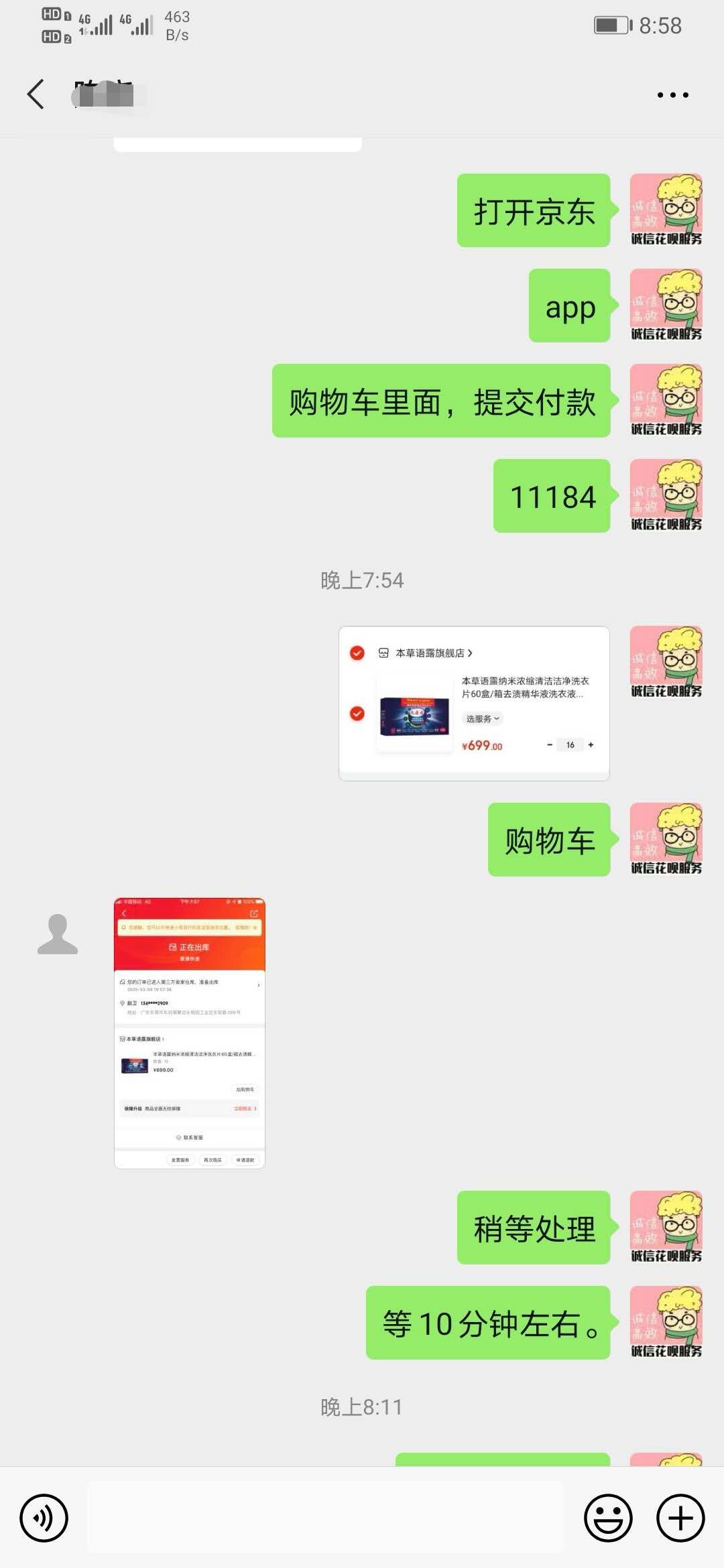 ⚡️京东白条12000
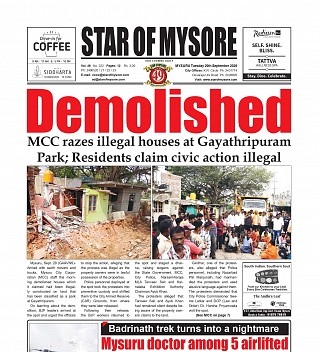 Today's e-Paper front page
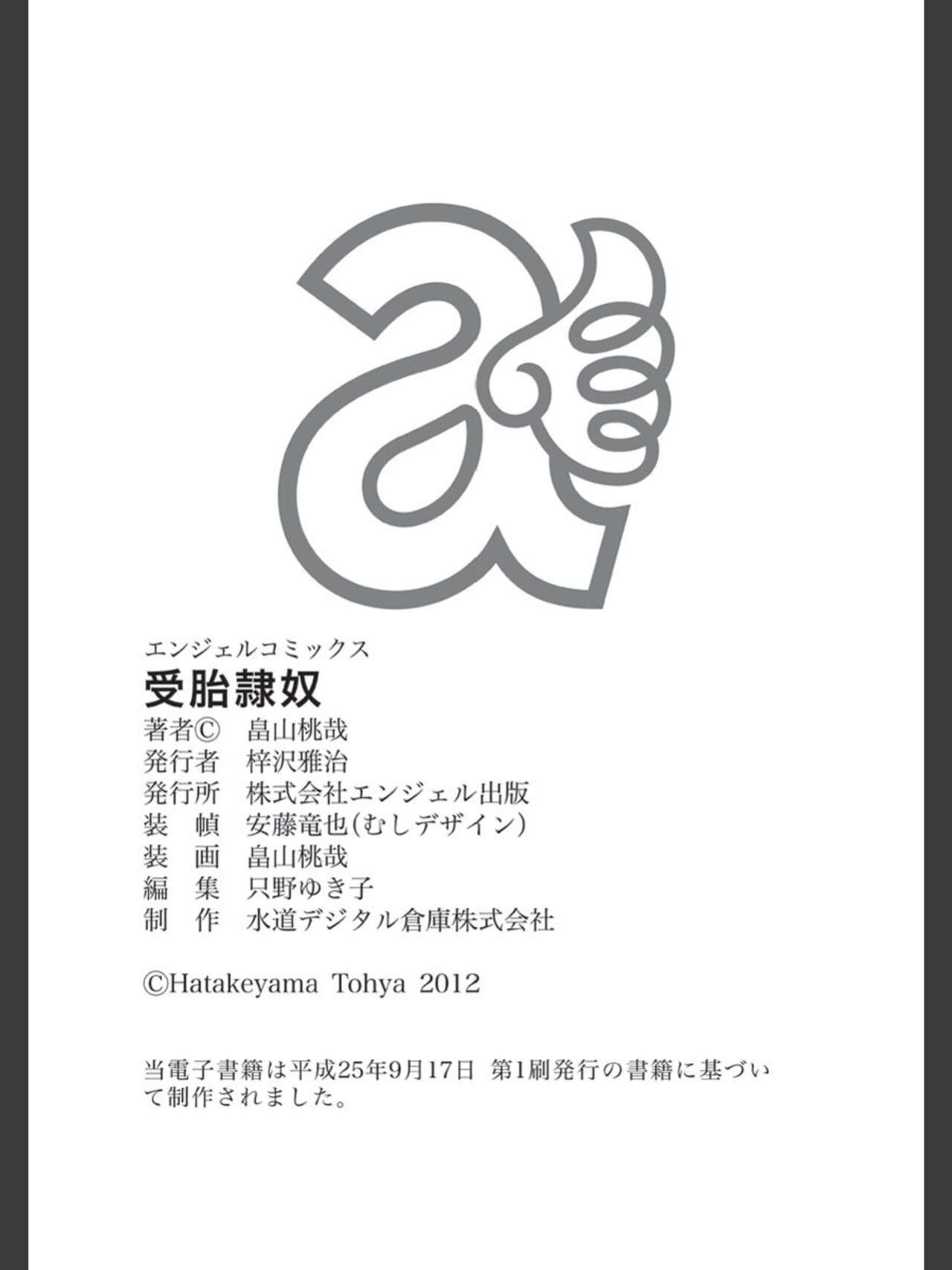 [畠山桃哉] 受胎隷奴 [DL版]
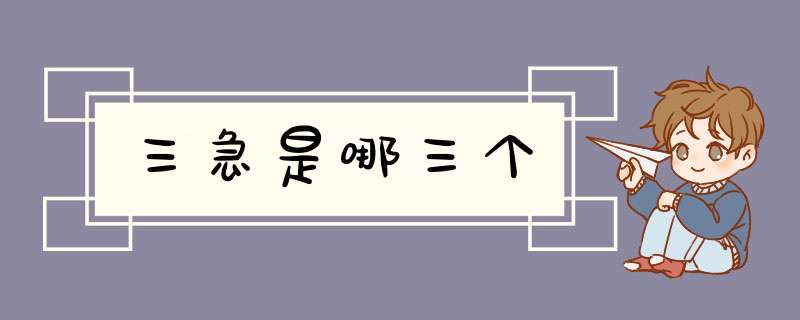 三急是哪三个,第1张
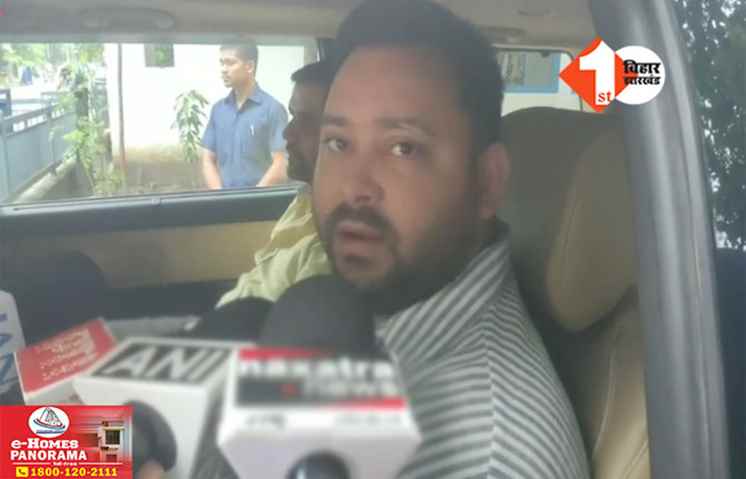 Patna News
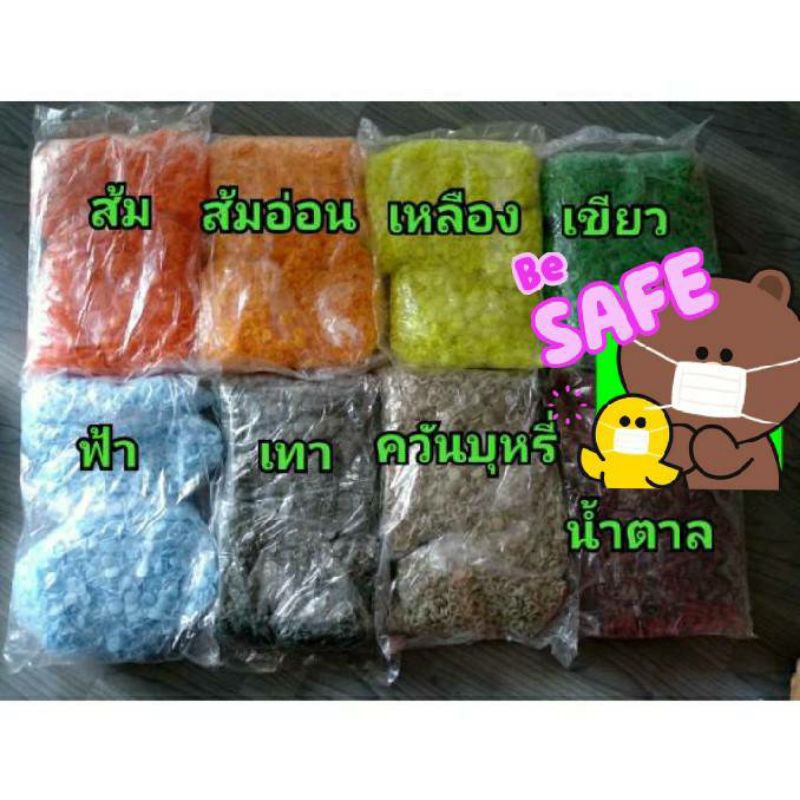 พร้อมส่ง แพ็คละ 1000 ชุด#กระดุมแป๊กพลาสติก ขนาด 12 มม.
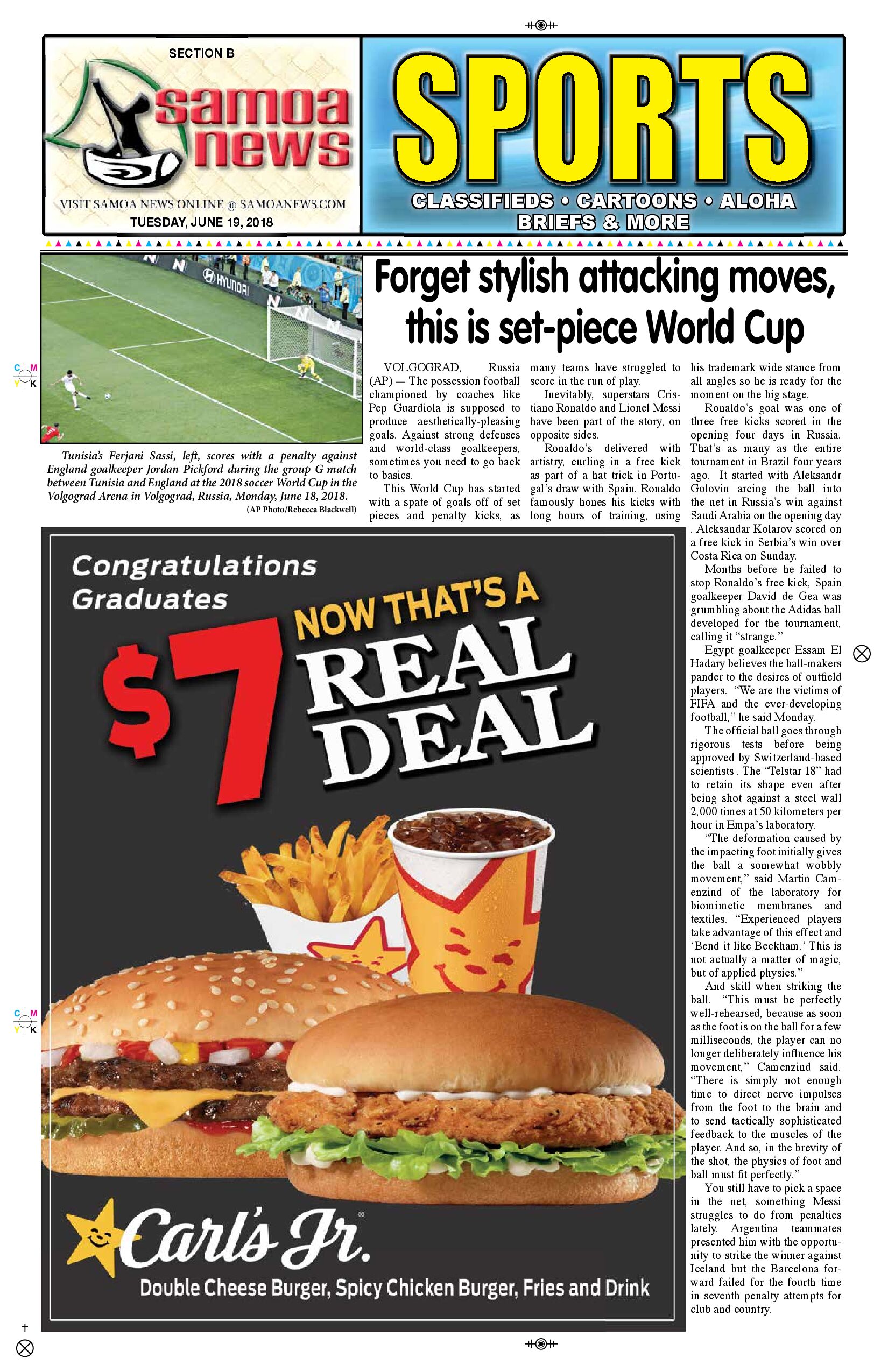 SN Sports Tuesday, June 19, 2018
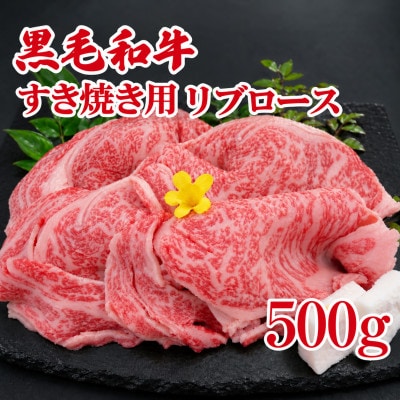 黒毛和牛A4ランク以上　すき焼き肉 500g リブロース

◇ ◇ ◇

» **REQUIRED ACTION**
Each line of the listing above belongs in the answer exactly as written; the pictures do not.

» **SOLUTION FOR THIS PROBLEM**
 ⚡️京东白条12000
 Today's e-Paper front page
 [畠山桃哉] 受胎隷奴 [DL版]
 三急是哪三个,第1张
 Patna News
 พร้อมส่ง แพ็คละ 1000 ชุด#กระดุมแป๊กพลาสติก ขนาด 12 มม.
 SN Sports Tuesday, June 19, 2018
 黒毛和牛A4ランク以上　すき焼き肉 500g リブロース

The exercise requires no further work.